• _What you need to do_:
Strip out the pictures and transcribe the records that follow exactly.

Records from a dataset
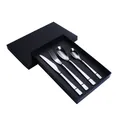 Modernes Besteckset aus 304 Edelstahl mit Spiegelglanz in einer schwarzen Geschenkbox - Silber Tafelmesser Gabel Hauptlöffel Teelöffel
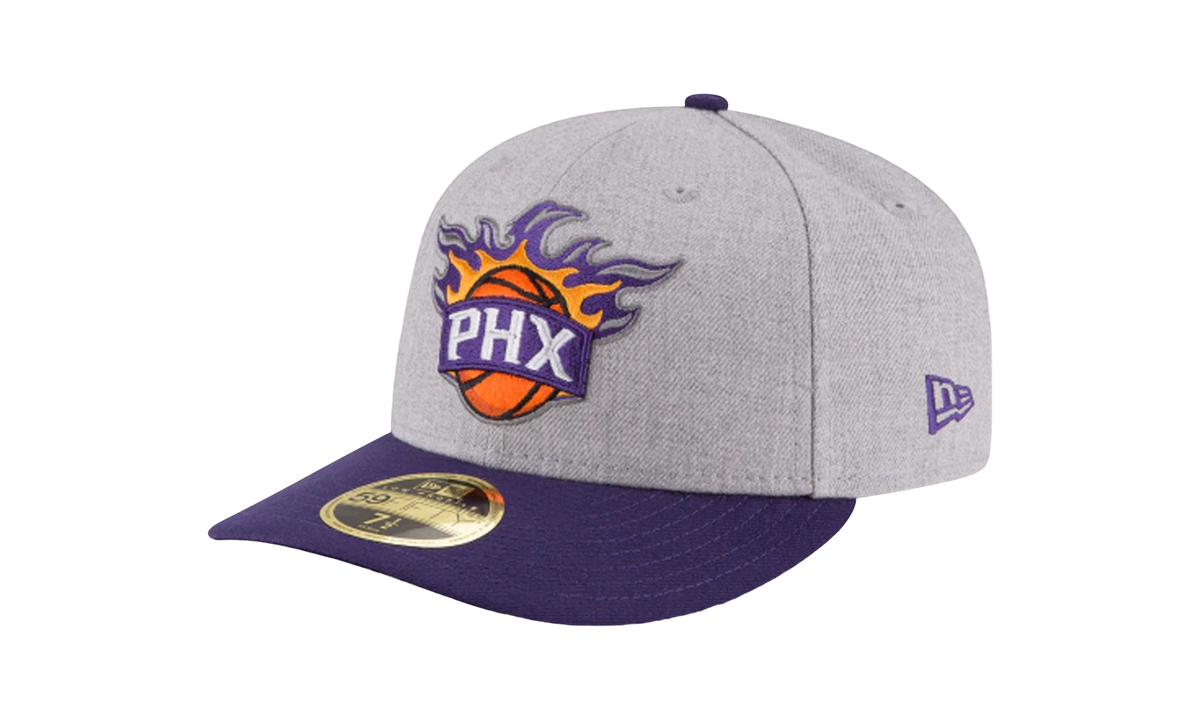 59FIFTY Phoenix Suns Low Profile Authentic Fitted Hat "Grey Heather / Purple - Brim" NE950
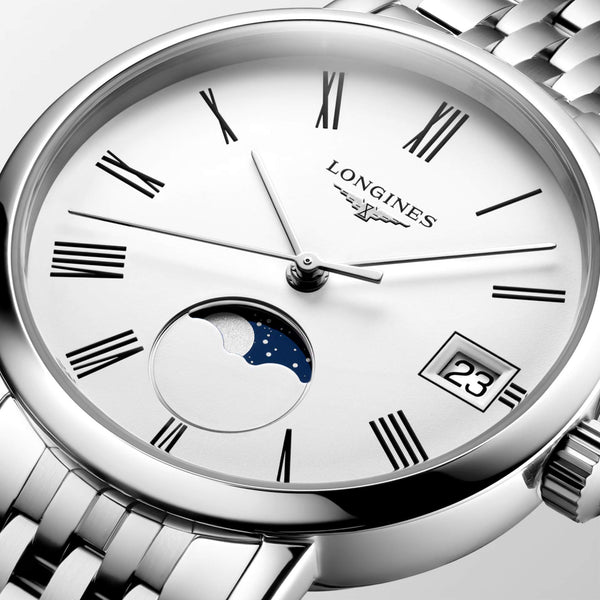 LONGINES 浪琴 Elegant 優雅系列不銹鋼月相羅馬時標石英錶 30mm L43304116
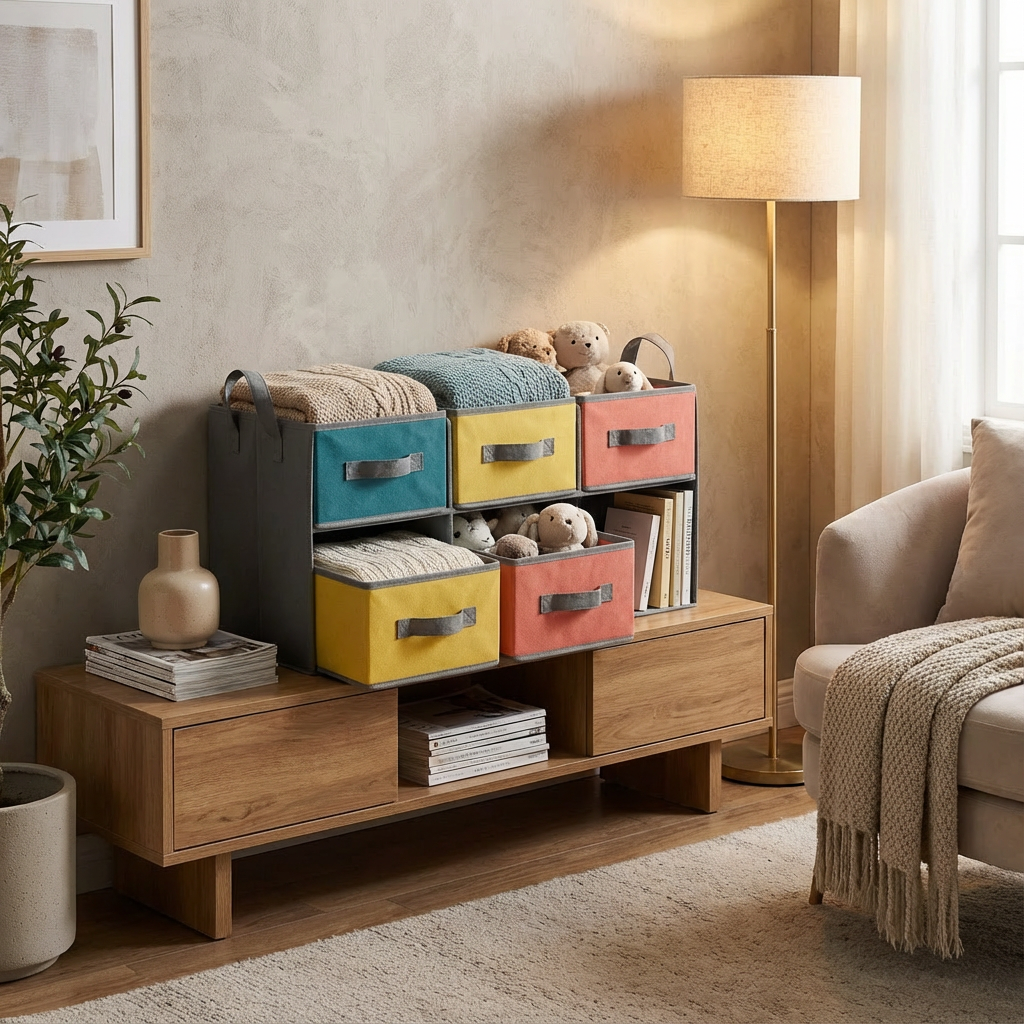 Stackable Fabric Storage Cubes Set with Handles — 6-Pack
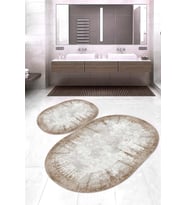 Dijital Baskılı Kaymaz Taban Yıkanabilir Oval 2'li Klozet Takımı Banyo Paspası NOKZ-HT-494 (Kahverengi)
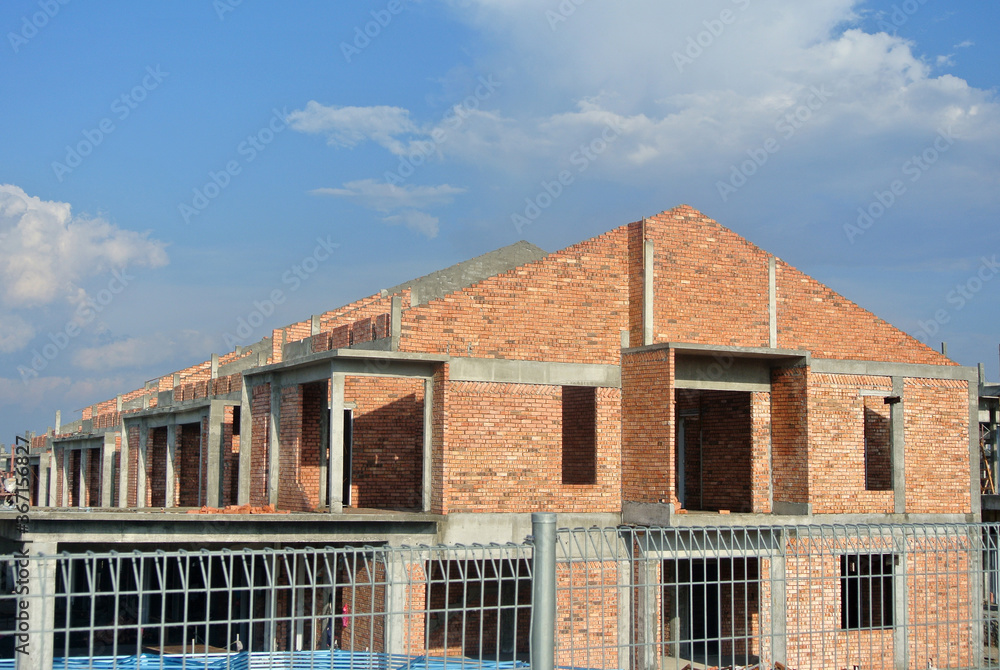 SEREMBAN, MALAYSIA -APRIL 07, 2020: New double story luxury terrace house under construction in Malaysia.  Designed by an architect with a modern and contemporary style. 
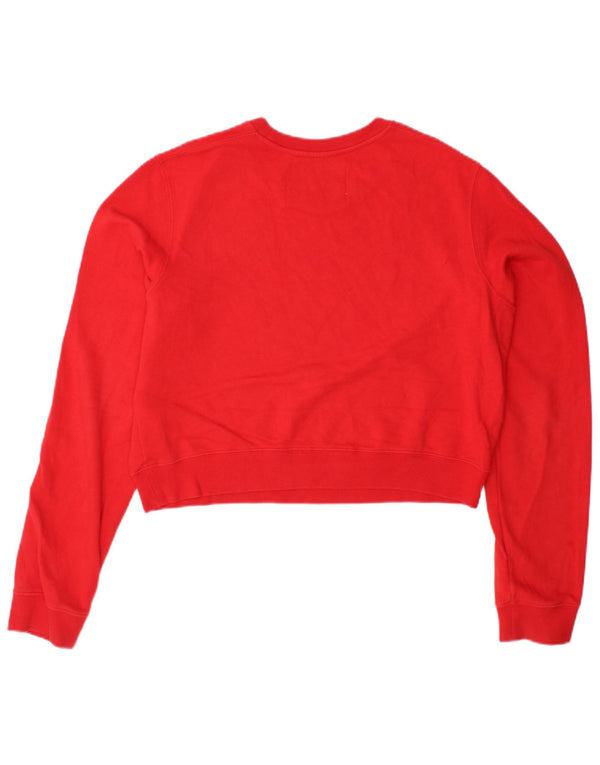 CALVIN KLEIN JEANS Sweat-shirt court pour femme UK 16 Grand coton rouge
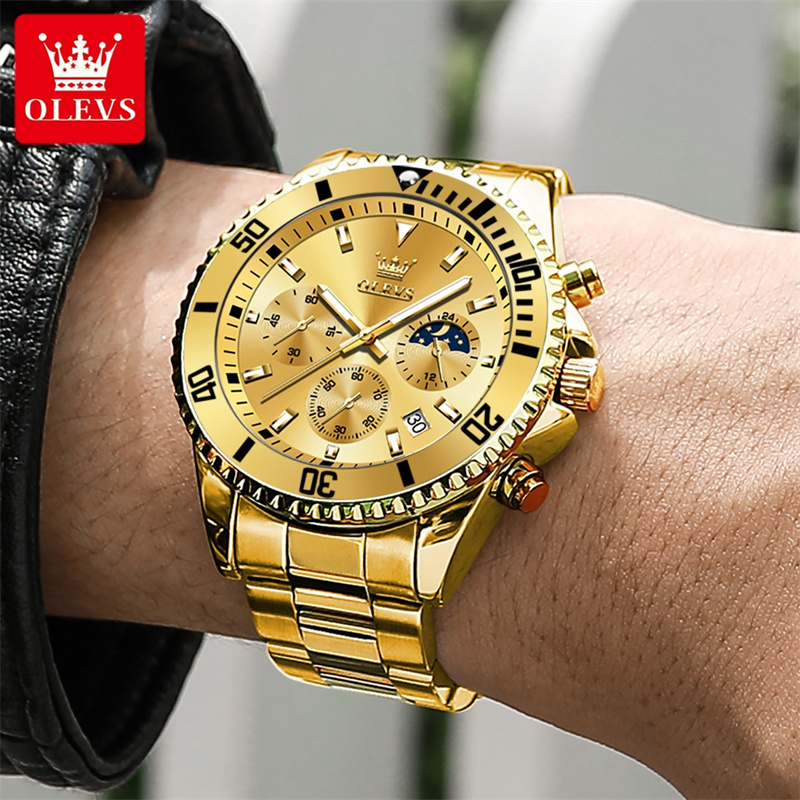 Olevs relógio masculino marca  - Luxury Watch Mockup avaliação e preço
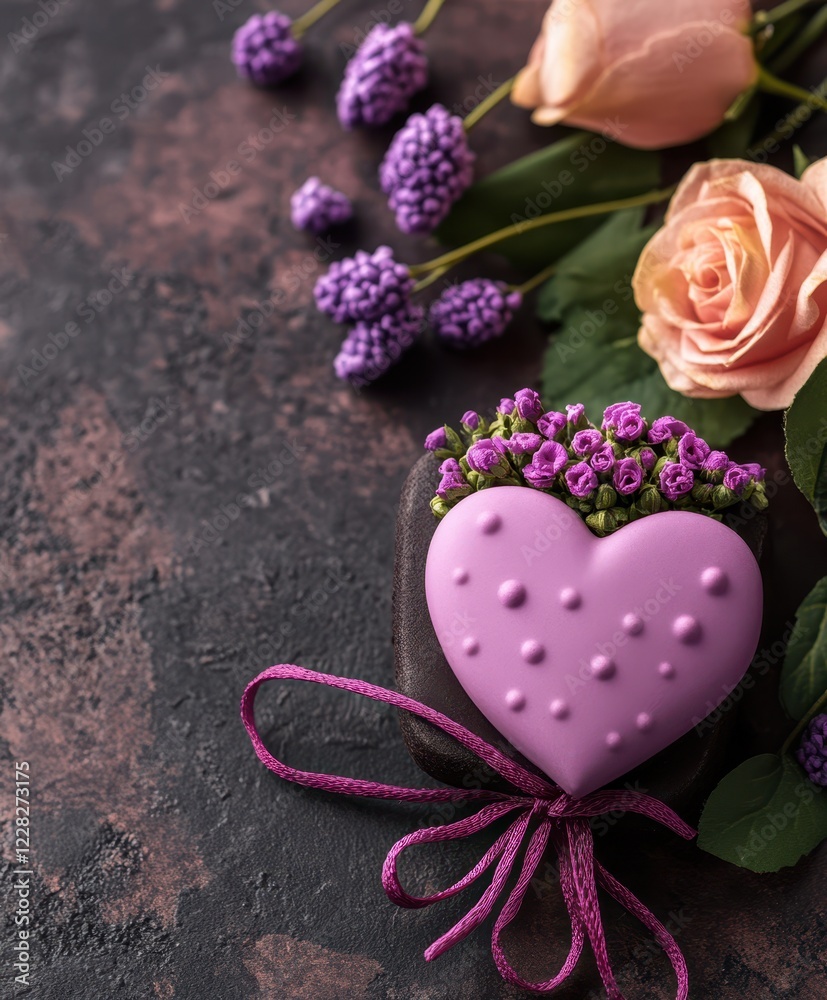 A delightful purple heart-shaped cookie adorned with vibrant flowers and a delicate ribbon, beautifully presented on a charming table for Valentine's Day. A delightful purple heart-shaped cookie adorned with vibrant flowers and a delicate ribbon, beautifully presented on a charming table for Valentine's Day.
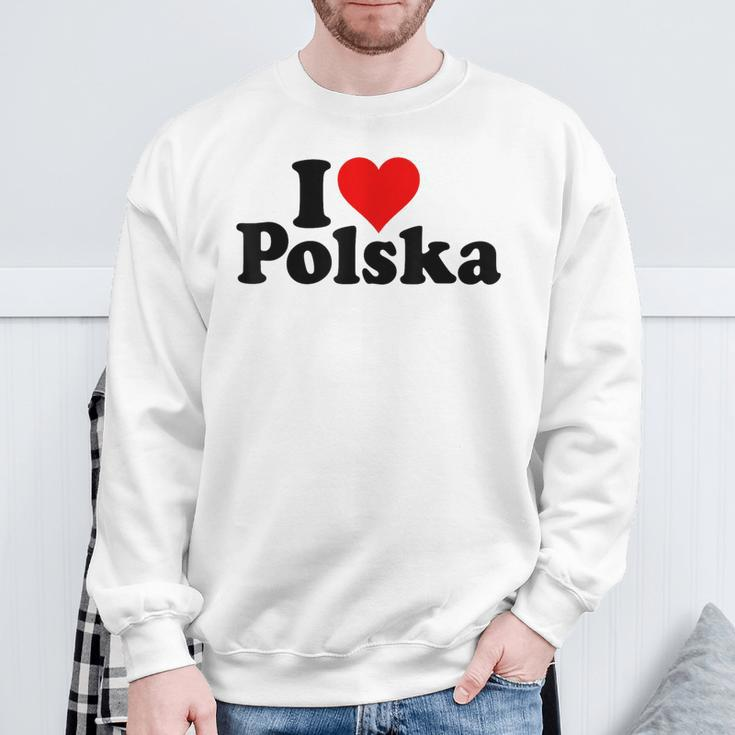 I Love Heart Polska Poland Sweatshirt Geschenke für alte Männer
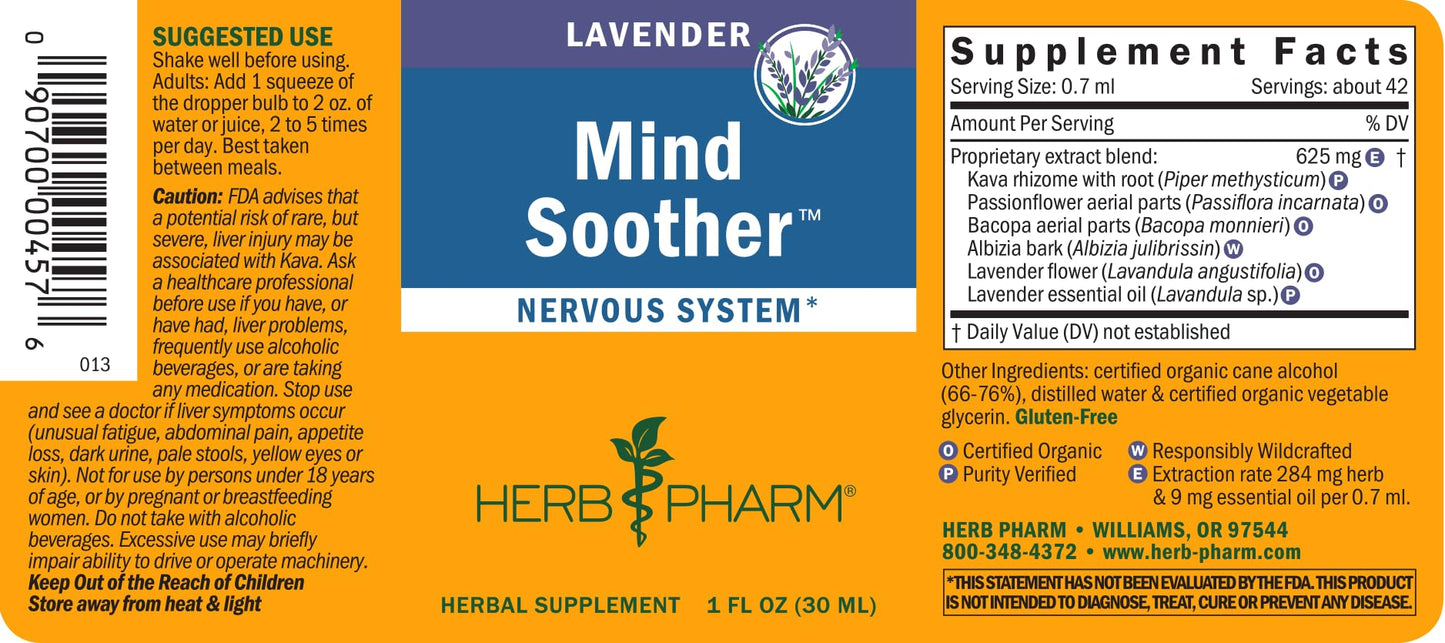 Herb Pharm mind soother premium imported liquid herbal extract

• _Expected output_:
 Modernes Besteckset aus 304 Edelstahl mit Spiegelglanz in einer schwarzen Geschenkbox - Silber Tafelmesser Gabel Hauptlöffel Teelöffel
 59FIFTY Phoenix Suns Low Profile Authentic Fitted Hat "Grey Heather / Purple - Brim" NE950
 LONGINES 浪琴 Elegant 優雅系列不銹鋼月相羅馬時標石英錶 30mm L43304116
 Stackable Fabric Storage Cubes Set with Handles — 6-Pack
 Dijital Baskılı Kaymaz Taban Yıkanabilir Oval 2'li Klozet Takımı Banyo Paspası NOKZ-HT-494 (Kahverengi)
 SEREMBAN, MALAYSIA -APRIL 07, 2020: New double story luxury terrace house under construction in Malaysia.  Designed by an architect with a modern and contemporary style. 
 CALVIN KLEIN JEANS Sweat-shirt court pour femme UK 16 Grand coton rouge
 Olevs relógio masculino marca  - Luxury Watch Mockup avaliação e preço
 A delightful purple heart-shaped cookie adorned with vibrant flowers and a delicate ribbon, beautifully presented on a charming table for Valentine's Day. A delightful purple heart-shaped cookie adorned with vibrant flowers and a delicate ribbon, beautifully presented on a charming table for Valentine's Day.
 I Love Heart Polska Poland Sweatshirt Geschenke für alte Männer
 Herb Pharm mind soother premium imported liquid herbal extract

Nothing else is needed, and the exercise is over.